The Software Carpentry course currently contains the following lectures:
- Introduction
- The Unix Shell (2 lectures)
- Version Control
- Automated Builds
- Basic Scripting (bool/int/float, for/while/if)
- Strings, Lists, and Files
- Functions and Libraries
- Programming Style
- Quality Assurance (basic testing)
- Sets, Dictionaries, and Complexity
- Debugging
- Object-Oriented Programming (2 lectures)
- Unit Testing (unittest — should switch this to nose)
- Regular Expressions
- Binary Data
- XML
- Relational Databases
- Spreadsheets
- Numerical Programming (the basics of NumPy)
- Integration (subprocess+pipes and wrapping C functions)
- Web Client Programming (HTTP request/response, URL encoding)
- Web Server Programming (basic CGI processing)
- Security (the weakest lecture of the bunch)
- The Development Process (a mish-mash of sturdy and agile)
- Teamware (introduces portals like DrProject)
- Conclusion (various "where to look next" suggestions)
Between now and Christmas, I want to tidy them up, duplicate the examples in MATLAB, and add some of the content I wrote for "CSC301: Introduction to Software Engineering". Since I won't have time to do everything, I'd like your help prioritizing. Which of the following topics do you think is most important to add? And what have I forgotten entirely?
- Lifecycle: should I split the existing "Development Process" lecture into two, and cover agile methods (focusing on Scrum) and sturdy methods (i.e., longer release cycles, more up-front planning, legacy code). Neither exactly fits scientists' "exploratory programming" paradigm, but they're all we've got...
- Quality: this would expand the "Programming Style" lecture with material from Spinellis's Code Reading and Code Quality to describe what makes good software good.
- Deployment
- Currently based on the patterns in Nygard's Release It!, which focus on designing scalable fault-tolerant applications.
- Should I instead cover the creation and distribution of packages (e.g., RPMs, Distutils, Ruby Gems, etc.)?
- Refactoring: a combination of Fowler's original Refactoring and Feathers' Working Effectively with Legacy Code.
- UML: I devote three lectures to this in CSC301; I don't see any reason to inflict it on scientists.

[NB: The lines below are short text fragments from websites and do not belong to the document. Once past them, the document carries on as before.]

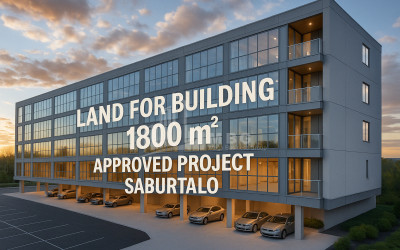 For Sale Land Saburtalo District Tbilisi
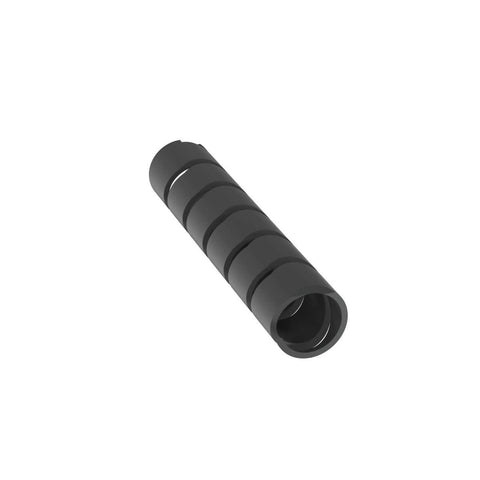 Panduit T50F-X0 Spiral Wrap, Weather Resistant Polyethylene, 0.5" x 10', Black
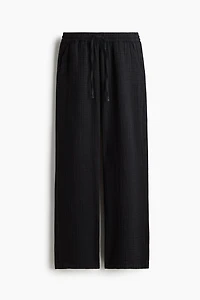 Cotton Muslin Pants
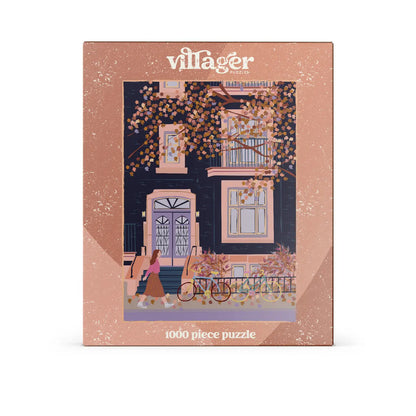 Autumn in Montreal 1000 Piece Puzzle Villager Puzzles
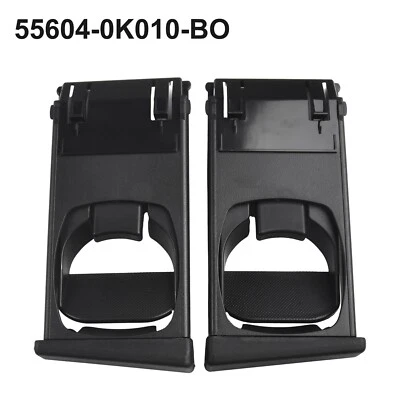 Par de portavasos para Toyota para camioneta Hilux Vigo SR 2004-2015 55604-0K010 Foto 1 de 4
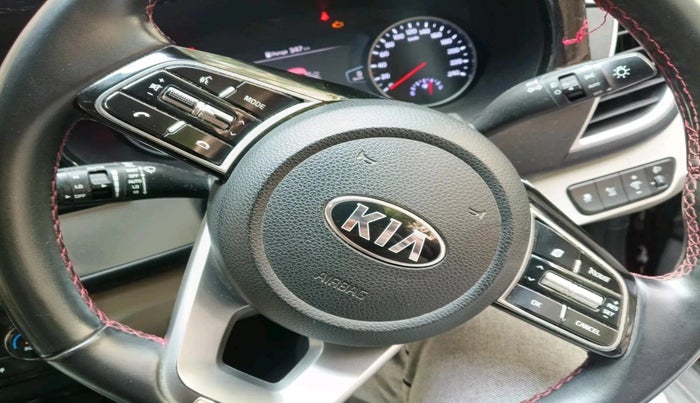 2019 KIA SELTOS GTX PLUS DCT 1.4 PETROL, Petrol, Automatic, 39,836 km, interior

- Reproducible Research: it's already important, and likely to become more so; it also ties in with "open science", though I'm not sure what I could say about either that wouldn't just be rah-rah and handwaving—tools like Sweave are interesting, but I don't people would be willing to learn R just to use it, and there don't seem to be equivalents (yet) in other languages. The same goes for data lineage: it's an important idea, and there are plenty of research prototypes, but nothing has reached the "used by default" level of (for example) Subversion.

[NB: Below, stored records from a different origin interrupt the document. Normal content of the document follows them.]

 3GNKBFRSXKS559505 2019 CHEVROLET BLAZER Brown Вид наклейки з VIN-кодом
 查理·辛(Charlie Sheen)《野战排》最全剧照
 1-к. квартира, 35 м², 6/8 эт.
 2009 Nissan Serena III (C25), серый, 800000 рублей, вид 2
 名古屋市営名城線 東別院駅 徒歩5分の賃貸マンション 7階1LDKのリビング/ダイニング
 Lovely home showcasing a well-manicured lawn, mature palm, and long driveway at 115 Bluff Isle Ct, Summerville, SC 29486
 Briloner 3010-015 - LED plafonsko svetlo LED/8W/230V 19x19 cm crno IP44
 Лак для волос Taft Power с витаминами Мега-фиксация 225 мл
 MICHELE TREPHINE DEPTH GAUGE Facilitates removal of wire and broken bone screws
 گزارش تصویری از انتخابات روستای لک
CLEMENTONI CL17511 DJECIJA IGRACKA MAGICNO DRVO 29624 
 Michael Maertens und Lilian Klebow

- GUI Construction: people still use desktop GUIs, and it's worth learning how to build them (if only because it forces you to come to grips with MVC and event-driven programming), but what everyone really wants these days is a rich browser-based interface, and I don't think it'd be possible to fit that into this course.
- High Performance Blah Blah Blah: this one keeps coming up, but (a) one of the motivations for Software Carpentry is the belief that there's too much emphasis on this in scientific computing anyway, and (b) what would it include? GPU programming? MPI? Grid computing? Some other flavor-of-the-week distraction from the hard grind of creating trustable code and reproducible results without heroic effort? Oh, wait, are my biases showing?